------ Provided data

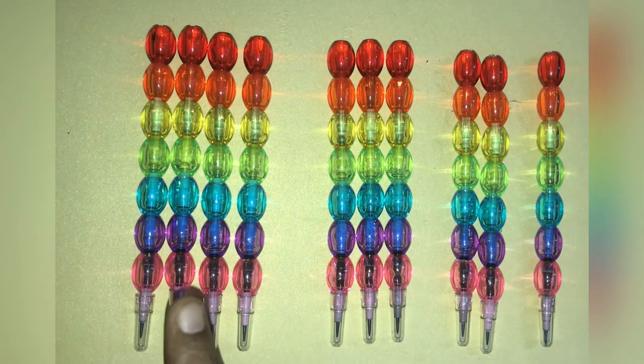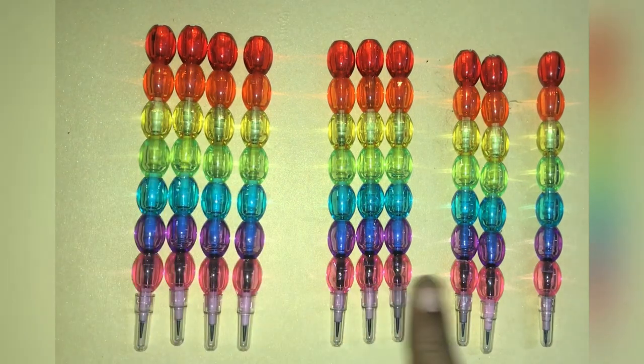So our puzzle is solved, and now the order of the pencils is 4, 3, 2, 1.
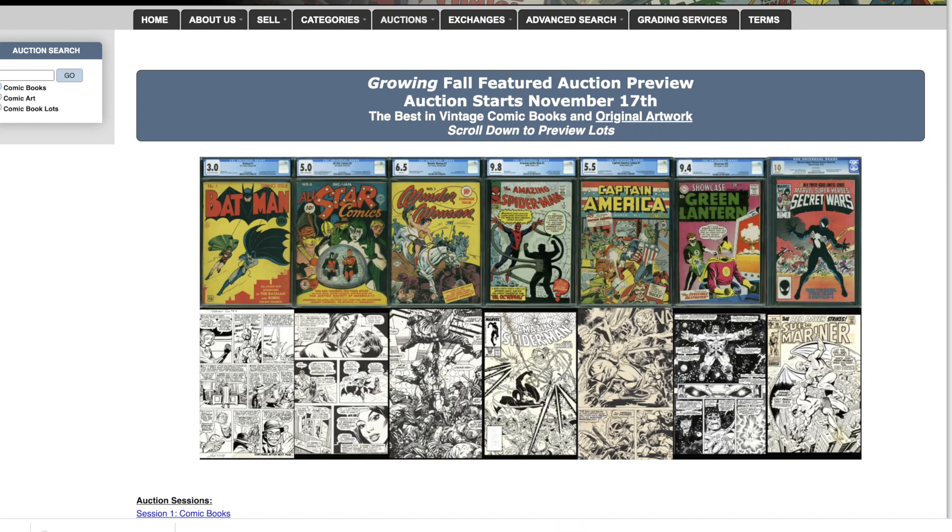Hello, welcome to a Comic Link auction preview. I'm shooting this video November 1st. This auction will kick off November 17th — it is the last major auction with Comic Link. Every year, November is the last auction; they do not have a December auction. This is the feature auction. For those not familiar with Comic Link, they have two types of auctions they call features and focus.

------------
------ Provided data

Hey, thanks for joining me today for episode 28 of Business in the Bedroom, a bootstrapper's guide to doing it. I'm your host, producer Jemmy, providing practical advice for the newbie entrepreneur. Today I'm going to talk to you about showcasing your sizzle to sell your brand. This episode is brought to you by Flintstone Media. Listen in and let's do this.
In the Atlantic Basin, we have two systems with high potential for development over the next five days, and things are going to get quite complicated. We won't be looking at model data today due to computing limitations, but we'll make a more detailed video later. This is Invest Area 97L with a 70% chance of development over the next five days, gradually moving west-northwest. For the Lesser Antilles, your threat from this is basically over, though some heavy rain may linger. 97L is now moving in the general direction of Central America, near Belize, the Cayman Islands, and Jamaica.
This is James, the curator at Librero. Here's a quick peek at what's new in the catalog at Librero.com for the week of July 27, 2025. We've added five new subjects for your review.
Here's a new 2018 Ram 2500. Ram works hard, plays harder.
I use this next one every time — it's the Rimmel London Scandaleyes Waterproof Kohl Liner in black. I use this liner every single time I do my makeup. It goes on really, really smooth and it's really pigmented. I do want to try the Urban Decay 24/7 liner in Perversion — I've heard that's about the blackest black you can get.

------------
------ Provided data

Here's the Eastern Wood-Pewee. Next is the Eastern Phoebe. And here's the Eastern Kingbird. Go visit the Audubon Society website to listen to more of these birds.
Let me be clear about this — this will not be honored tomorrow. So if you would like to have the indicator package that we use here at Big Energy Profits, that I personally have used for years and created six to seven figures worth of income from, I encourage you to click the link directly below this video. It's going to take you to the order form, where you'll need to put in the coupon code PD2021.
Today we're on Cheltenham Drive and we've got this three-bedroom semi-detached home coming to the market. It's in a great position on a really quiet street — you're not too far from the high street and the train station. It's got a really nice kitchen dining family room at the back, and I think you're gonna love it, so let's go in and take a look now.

------------

▸ Exercise brief
Only one stretch of the records above is wanted: the lines between the one holding "This is James, the" and the one holding "I use this next", inclusive, reproduced exactly.

▸ Written solution
This is James, the curator at Librero. Here's a quick peek at what's new in the catalog at Librero.com for the week of July 27, 2025. We've added five new subjects for your review.
Here's a new 2018 Ram 2500. Ram works hard, plays harder.
I use this next one every time — it's the Rimmel London Scandaleyes Waterproof Kohl Liner in black. I use this liner every single time I do my makeup. It goes on really, really smooth and it's really pigmented. I do want to try the Urban Decay 24/7 liner in Perversion — I've heard that's about the blackest black you can get.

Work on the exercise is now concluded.